Time travel

2024-07-06

The typical hypothetical “who are you coding for” example meant to shock you into writing better code is “yourself in six months”, but it turns out four is completely adequate to get lost.

Start

In February I started writing my first RV32 core, Sae. By the end of the month, I had enough of one going to run some sample code compiled with GCC for RV32I, interacting with UART via MMIO, which was such a nice feeling. It was written in a very dumb manner — meaning it used 95% of the UP5K and took 3 minutes to synthesise — but on the other hand it ran pretty much at one cycle per cycle! (I hadn’t pipelined instruction memory fetches, so it didn’t, but that was the only thing standing in the way of that. It was written very, uh, plainly.)

Next I wanted to tackle RV32C, and one thing I wasn’t happy with was how I was actually defining the ISA. It was very manual, and it felt like there was a lot that could be extracted out in less ad-hoc ways, so that I didn’t then have to repeat myself even more when adding RV32C, or e.g. making it possible to define a thing called “RV32E” (which is just RV32I with 16 X registers instead of 32) as a refinement of RV32I instead of repeating a whole bunch of code, and then making that selectable as the basis for a core/hart.
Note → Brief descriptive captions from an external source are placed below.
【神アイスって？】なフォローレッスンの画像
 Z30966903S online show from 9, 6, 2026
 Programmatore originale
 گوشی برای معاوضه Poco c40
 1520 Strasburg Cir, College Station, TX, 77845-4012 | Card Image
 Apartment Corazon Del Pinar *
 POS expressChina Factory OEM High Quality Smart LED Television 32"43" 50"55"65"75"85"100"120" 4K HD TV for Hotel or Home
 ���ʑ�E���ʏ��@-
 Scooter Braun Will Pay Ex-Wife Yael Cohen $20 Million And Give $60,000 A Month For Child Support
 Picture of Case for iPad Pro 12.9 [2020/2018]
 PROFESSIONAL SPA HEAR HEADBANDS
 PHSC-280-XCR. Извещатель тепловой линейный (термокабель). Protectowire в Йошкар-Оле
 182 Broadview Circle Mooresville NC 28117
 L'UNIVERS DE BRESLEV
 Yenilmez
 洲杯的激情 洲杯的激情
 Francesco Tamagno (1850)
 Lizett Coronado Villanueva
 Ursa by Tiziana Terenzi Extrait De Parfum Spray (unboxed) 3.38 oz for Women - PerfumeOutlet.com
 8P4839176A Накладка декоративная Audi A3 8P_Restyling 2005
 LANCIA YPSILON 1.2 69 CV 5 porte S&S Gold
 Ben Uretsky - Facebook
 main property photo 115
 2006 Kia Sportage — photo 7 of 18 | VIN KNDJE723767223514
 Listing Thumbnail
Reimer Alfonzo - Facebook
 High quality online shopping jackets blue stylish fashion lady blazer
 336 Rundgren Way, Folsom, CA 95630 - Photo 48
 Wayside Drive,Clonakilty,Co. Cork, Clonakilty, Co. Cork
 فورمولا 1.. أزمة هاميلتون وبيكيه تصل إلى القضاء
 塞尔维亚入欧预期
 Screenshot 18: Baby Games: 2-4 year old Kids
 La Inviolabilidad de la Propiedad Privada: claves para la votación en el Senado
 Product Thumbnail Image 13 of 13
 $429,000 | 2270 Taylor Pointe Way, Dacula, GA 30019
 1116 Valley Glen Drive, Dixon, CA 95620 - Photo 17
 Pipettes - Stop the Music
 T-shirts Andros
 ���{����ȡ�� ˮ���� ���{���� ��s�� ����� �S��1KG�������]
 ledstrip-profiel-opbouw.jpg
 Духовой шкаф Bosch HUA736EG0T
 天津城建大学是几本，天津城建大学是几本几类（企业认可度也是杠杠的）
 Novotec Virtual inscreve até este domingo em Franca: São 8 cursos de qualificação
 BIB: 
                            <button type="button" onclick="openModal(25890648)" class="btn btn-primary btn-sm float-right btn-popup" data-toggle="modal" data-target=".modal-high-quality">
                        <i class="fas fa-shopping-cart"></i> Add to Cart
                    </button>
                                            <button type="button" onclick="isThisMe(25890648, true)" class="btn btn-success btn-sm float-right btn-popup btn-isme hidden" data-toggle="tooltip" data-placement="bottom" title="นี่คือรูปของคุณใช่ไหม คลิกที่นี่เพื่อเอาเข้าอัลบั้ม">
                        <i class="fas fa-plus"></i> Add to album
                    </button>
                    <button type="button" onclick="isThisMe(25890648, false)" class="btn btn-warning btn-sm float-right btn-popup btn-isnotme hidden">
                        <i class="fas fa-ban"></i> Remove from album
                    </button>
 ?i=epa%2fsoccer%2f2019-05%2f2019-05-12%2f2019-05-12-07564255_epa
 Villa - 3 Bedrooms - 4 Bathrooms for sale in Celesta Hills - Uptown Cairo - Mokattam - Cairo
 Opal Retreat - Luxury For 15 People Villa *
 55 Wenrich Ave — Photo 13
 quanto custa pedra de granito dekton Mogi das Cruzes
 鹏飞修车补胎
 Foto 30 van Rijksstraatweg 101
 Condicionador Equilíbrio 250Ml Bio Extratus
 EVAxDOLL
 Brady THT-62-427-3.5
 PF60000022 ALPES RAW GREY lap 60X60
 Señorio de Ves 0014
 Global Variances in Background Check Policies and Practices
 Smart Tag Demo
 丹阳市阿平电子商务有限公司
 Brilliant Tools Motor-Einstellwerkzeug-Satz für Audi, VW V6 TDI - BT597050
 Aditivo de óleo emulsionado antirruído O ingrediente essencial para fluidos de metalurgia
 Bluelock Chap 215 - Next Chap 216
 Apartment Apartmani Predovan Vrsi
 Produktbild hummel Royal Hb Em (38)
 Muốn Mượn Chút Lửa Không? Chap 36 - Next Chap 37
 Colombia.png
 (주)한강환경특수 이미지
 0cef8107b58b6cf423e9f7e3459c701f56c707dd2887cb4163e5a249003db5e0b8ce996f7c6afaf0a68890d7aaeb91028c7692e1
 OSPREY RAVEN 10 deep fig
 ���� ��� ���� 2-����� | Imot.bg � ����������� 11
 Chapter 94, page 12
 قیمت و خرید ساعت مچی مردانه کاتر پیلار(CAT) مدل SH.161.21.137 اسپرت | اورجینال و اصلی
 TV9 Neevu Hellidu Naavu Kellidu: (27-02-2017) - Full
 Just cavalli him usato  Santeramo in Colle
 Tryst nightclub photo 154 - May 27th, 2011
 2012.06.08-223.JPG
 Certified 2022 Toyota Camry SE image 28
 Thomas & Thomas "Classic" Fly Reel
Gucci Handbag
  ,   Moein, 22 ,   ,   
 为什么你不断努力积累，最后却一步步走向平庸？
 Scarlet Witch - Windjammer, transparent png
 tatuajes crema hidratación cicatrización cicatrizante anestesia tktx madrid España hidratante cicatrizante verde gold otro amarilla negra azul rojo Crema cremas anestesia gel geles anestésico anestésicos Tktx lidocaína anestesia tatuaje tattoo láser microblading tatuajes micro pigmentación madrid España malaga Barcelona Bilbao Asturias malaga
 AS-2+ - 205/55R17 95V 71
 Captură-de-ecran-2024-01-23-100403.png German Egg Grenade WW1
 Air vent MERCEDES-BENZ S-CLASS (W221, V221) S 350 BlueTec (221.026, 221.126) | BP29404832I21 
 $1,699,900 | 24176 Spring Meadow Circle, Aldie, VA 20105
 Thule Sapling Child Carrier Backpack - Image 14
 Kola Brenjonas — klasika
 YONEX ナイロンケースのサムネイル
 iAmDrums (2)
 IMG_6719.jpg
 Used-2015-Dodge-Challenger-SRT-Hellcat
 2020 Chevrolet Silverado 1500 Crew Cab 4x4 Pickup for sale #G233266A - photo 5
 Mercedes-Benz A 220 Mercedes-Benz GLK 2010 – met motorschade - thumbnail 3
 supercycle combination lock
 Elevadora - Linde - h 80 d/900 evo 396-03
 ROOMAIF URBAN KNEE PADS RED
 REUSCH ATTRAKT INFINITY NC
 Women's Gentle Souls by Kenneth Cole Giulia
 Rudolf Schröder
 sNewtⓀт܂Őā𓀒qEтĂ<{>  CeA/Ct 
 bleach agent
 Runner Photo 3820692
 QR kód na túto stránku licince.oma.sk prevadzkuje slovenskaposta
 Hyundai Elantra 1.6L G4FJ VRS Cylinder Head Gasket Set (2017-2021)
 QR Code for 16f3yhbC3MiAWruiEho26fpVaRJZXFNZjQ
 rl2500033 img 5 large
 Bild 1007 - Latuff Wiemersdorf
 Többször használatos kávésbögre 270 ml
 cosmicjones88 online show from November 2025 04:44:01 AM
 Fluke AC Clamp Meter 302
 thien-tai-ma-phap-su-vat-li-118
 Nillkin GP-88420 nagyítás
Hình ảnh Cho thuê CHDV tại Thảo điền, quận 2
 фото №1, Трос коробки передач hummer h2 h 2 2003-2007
This also provided an opportunity to expose more metadata for the built-in assembler and disassembler used by the test suite.

I started to extract a bit of a “construction kit” for ISAs, and as was my Python style at the time, there was a lot of magic involved. One of the commits describes redoing something “with just slightly less magic”, but iunno, a lot of magic follows in the commits after that one.

And then, on March 5, a small “wip” commit is the last of the branch, with some code that’s kind of half-there, half-nonsense, and the following intentionally syntactically incomplete line:

             clone.xfrms.append(pipe)
+            clone.asm_args. ## RESUME XXX GOOD LUCK

Change

At that stage I was about a month off moving to Estonia, and so all work stopped. By the time I started to do HDL again, two months later, I’d decided to stop using Amaranth entirely and learned to do digital design in Chisel, which was a big undertaking. A lot of the machinery around the design needed to be implemented — connecting to resources on IO pins, the concept of building for different platforms, etc. — a lot of the toolchain needed to be replaced/rebuilt, but the actual manner of design changed a lot too. I’d taught myself HDL with Amaranth, and I sort of retaught myself it with Chisel, grasping the fundamentals more clearly.

(I also wrote a framework for Chisel in this time, Chryse, which is where all my non-project-specific bits went, including the replacements for what Amaranth gave outside the HDL itself. I had a project framework for Amaranth, Rain, so Chryse was like Amaranth build’n’platform plus Rain.)

Three-ish weeks ago, I started using Amaranth again, and it was time to see where my old work was at. First, I ported everything new from Chryse back to Rain, freeing it from its weird Nix flake and so giving it a new name, Niar. Then I ported my last Chisel project back to Amaranth, ili9341spi, using it as the basis for testing Niar. (It’s just a TFT LCD controller, rendering Conway’s Game of Life.)

Once I’d gotten things to my satisfaction, it was time for my next project. I’d remembered Sae as my last big project before moving/switching off Amaranth, but my memory didn’t extend much further than that — except maybe the atrocious build times.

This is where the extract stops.